# PROMPT:
The required output is the line with "Downtown Rockford Duplex - Foto 5" plus all lines that follow it to the end of the listing below, written out exactly, with no pictures.
_ _ _ _ _ _ _
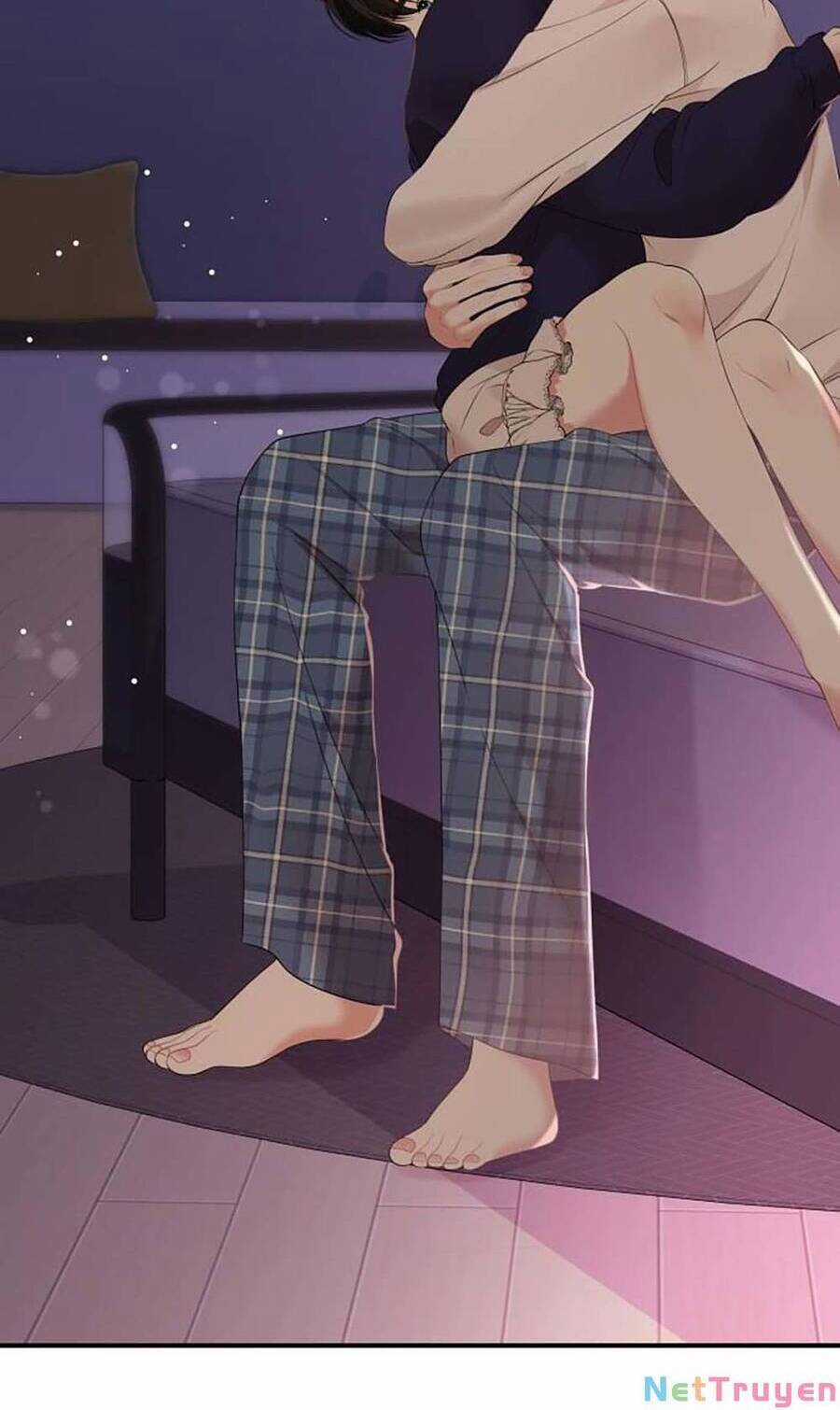 Gửi Em, Người Nuốt Trọn Vì Sao Chapter 110.1 trang 11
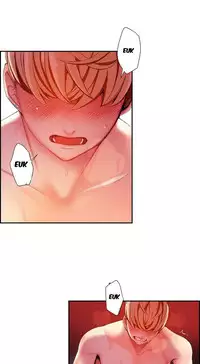 [Juder] Lilith's Cord Ch.25-31 (English) (Ongoing)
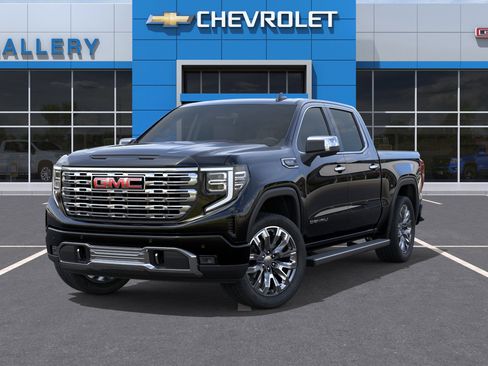 New 2026 GMC Sierra 1500 Denali AWD/4WD image 7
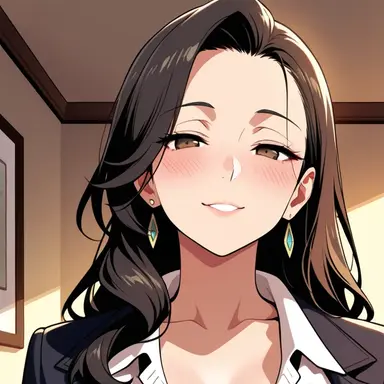 Profile image of 玲奈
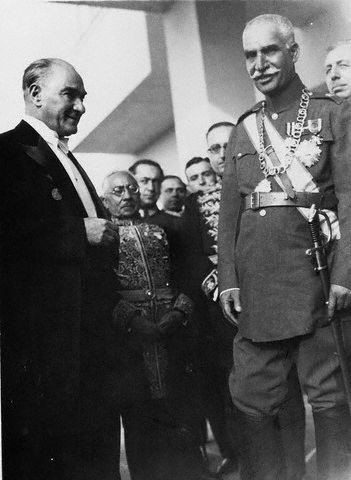 Atatürk'ün cevap veremediği tek insan - Resim: 3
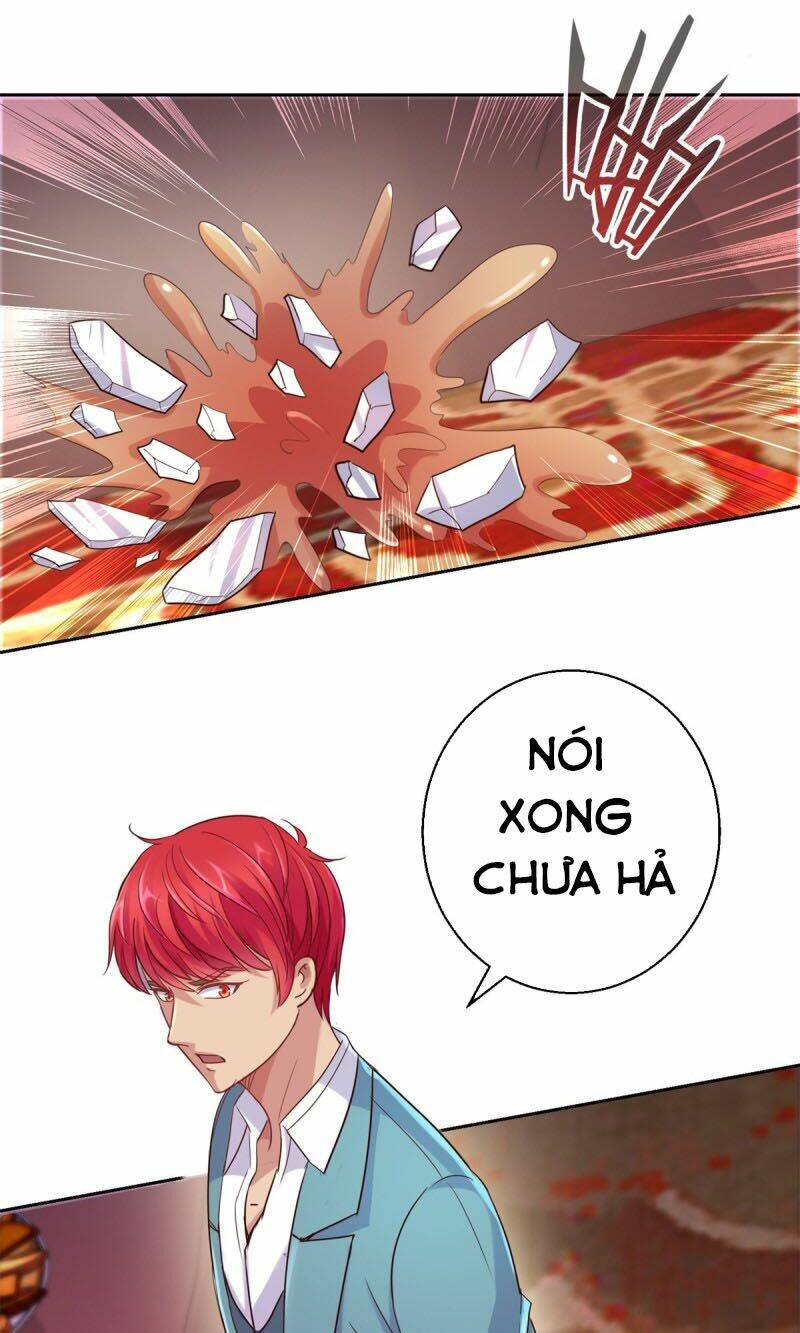 Đô Thị Chí Tôn Hệ Thống: Chapter 172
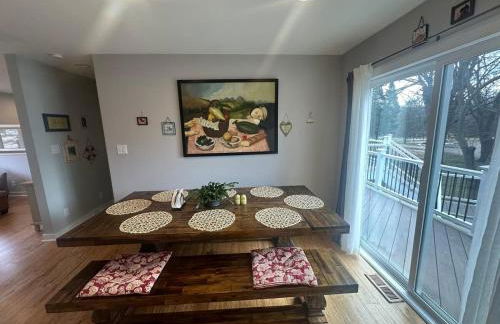 Downtown Rockford Duplex - Foto 5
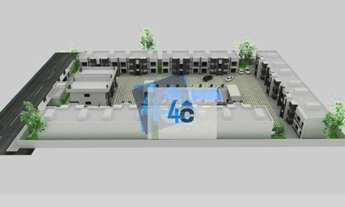 Imagem 3: Apartamento com 2 dormitórios à venda, 68 m² por R$ 292.000 - Praia do Mutá - Porto Seguro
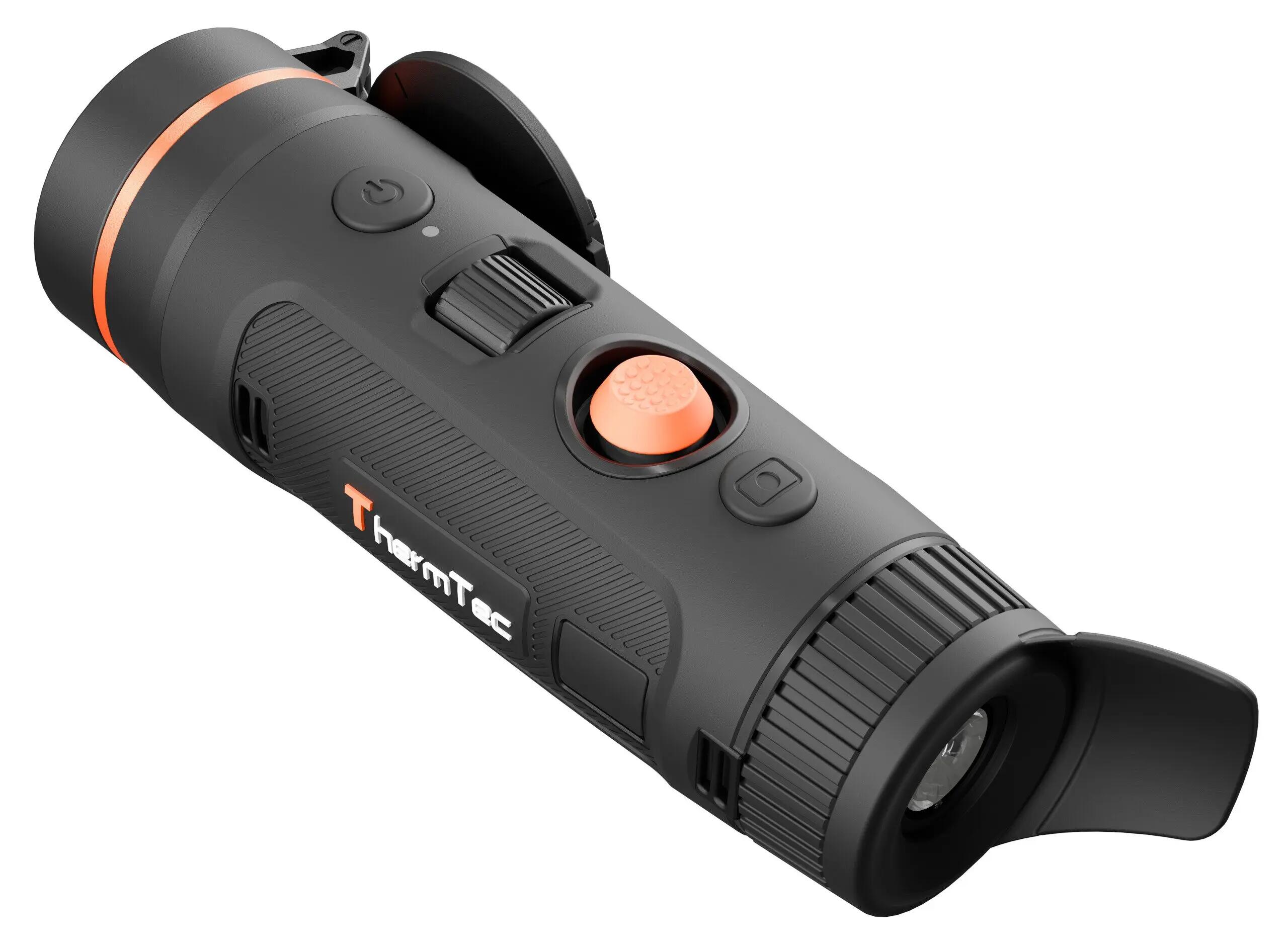 ThermTec Wild 635L Pro 2/6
_ _ _ _ _ _ _
# EXERCISE RESULT:
 Downtown Rockford Duplex - Foto 5
 Imagem 3: Apartamento com 2 dormitórios à venda, 68 m² por R$ 292.000 - Praia do Mutá - Porto Seguro
 ThermTec Wild 635L Pro 2/6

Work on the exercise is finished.